Por que os filmes Hollywoodianos sobre repressão política sempre têm um agente arrependido?

Por Arthur Gibson*

Nos últimos anos renovou-se o interesse pelos movimentos sociais de contestação que agitaram os Estados Unidos entre os anos 1950 e 1970. Este interesse pode ser notado na literatura, na produção acadêmica, na vida política e, também, nos filmes.

São muitos os filmes recentes que retratam este período, suas lutas, os grandes personagens e, claro, a intensa repressão política levada a cabo pelo Estado. Nestes filmes também é notável a presença recorrente de um personagem muito comum: o agente da repressão atormentado e arrependido por seus atos. Embora estejam em contextos narrativos diferentes e tenham também diferentes graus de fidelidade histórica, ainda assim, é impossível não notar como é constante a presença de personagens com estas características em filmes deste tipo.

Em Os 7 de Chicago ele é um dos promotores do caso; em Os Estados Unidos Contra Billie Holiday é um agente do FBI que se infiltra na cena do jazz; em Seberg Contra Todos é o agente do FBI encarregado de vigiar a atriz Jean Seberg; até mesmo em Judas e o Messias Negro o militante infiltrado pelo FBI no Partido Pantera Negra se mostra atormentado e arrependido.

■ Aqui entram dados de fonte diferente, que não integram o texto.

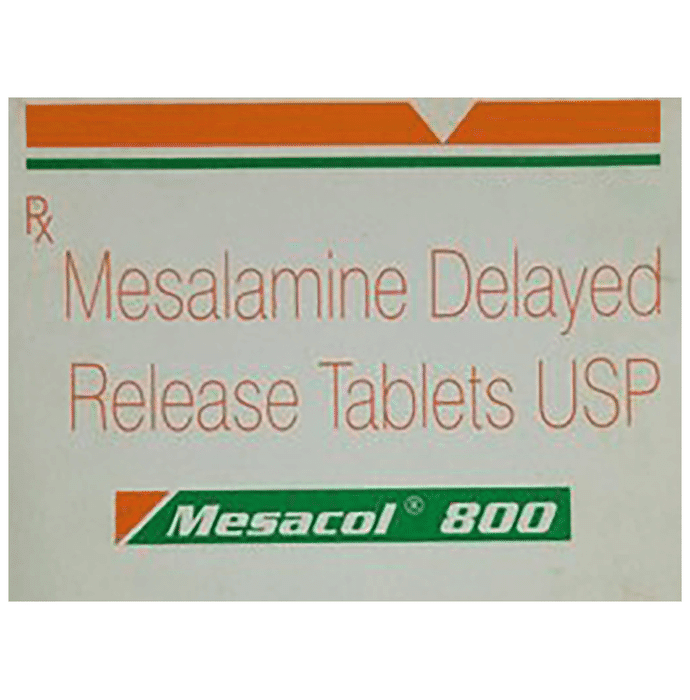 Mesacol 800 Tablet DR – Mesalazine (800mg) 800 mg by Sun Pharmaceutical Industries Ltd — photo 1 of 2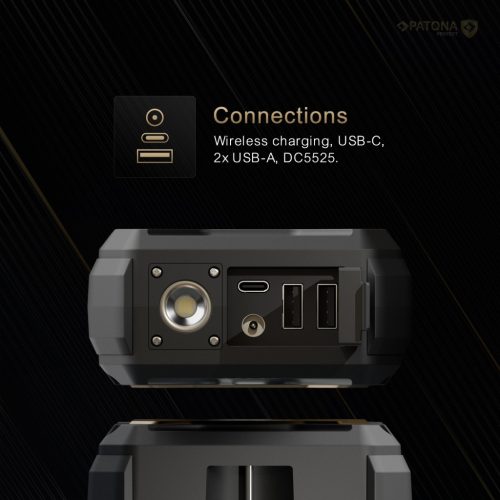 PATONA PROTECT Power Bank Extreme 100 (PD65W) (27.000mAh) (Wireless Charge) (9993)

Os Estados Unidos Contra Billie Holiday

Personagens assim parecem querer representar uma espécie de “consciência moral” propriamente americana. Uma força ideológica fundacional que se faz presente mesmo nas situações políticas e institucionais mais adversas, com o objetivo de lembrar que as reservas políticas do sistema americano são capazes de se regenerar e corrigir o curso de sua história.

Incapazes por sua condição de momento de se impor, o desconcerto dos agentes arrependidos nos indica que aqueles erros do passado serão corrigidos no futuro e que os oprimidos do momento serão reabilitados no futuro por seu próprio opressor. Neste sentido, servem para reforçar as mitologias que entendem a história dos EUA como um caminho linear de melhoramento na construção da liberdade e da democracia, de sua fundação aos dias de hoje.

Os 7 de Chicago

É um tipo de visão que tende a incorporar e homogeneizar todos os projetos e lutas políticas nos Estados Unidos como partes de uma mesma “tradição americana” que teria se atualizado e refinado ao longo do tempo. Com isso, perde-se de vista que existiram vários projetos americanos de nação, muitas vezes opostos entre si, e que o sistema precisou antes derrotar seus opositores para depois poder os celebrar.